The Next Hit: Quick Defaults More FHA-Backed Mortgages Go Bad Without a Single Payment
By Dina ElBoghdady and Dan Keating Washington Post Staff Writers Sunday, March 8, 2009; A01
The last time the housing market was this bad, Congress set up the Federal Housing Administration to insure Depression-era mortgages that lenders wouldn't otherwise make.
. . . With the surge in new loans, however, comes a new threat. Many borrowers are defaulting as quickly as they take out the loans.
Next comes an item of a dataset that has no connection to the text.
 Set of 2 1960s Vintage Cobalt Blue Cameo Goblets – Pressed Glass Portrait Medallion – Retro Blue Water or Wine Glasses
In the past year alone, the number of borrowers who failed to make more than a single payment before defaulting on FHA-backed mortgages has nearly tripled, far outpacing the agency's overall growth in new loans, according to a Washington Post analysis of federal data.
Many industry experts attribute the jump in these instant defaults to factors that include the weak economy, lax scrutiny of prospective borrowers and most notably, foul play among unscrupulous lenders looking to make a quick buck.
If a loan "is going into default immediately, it clearly suggests impropriety and fraudulent activity," said Kenneth Donohue, the inspector general of the Department of Housing and Urban Development, which includes the FHA.
The spike in quick defaults follows the pattern that preceded the collapse of the subprime market as some of the same flawed lending practices that contributed to the mortgage crisis are now eroding one of the main federal agencies charged with addressing it. During the subprime lending boom, many mortgage brokers and small lenders milked the market for commissions and fees by making as many loans as possible with little regard for whether they could be repaid.
Once again, thousands of borrowers are getting loans they do not stand a chance of repaying. Only now, unlike in the subprime meltdown, Congress would have to bail out the lenders if the FHA cannot make good on guarantees from its existing reserves. And those once-robust reserves are showing signs of stress, raising the possibility that taxpayers may have to pick up the tab for the first time since the agency was established in 1934.
--read entire article-- __________________________________________________Is our appetite for unpunished fraud just endless?
The Washington money-pump is shoveling money so quickly and with so little oversight, that as quickly as fraudsters can devise a scam, another billion or two accrues to taxpayer responsibility.
No indictments. No time. No oversight. This is the change we need?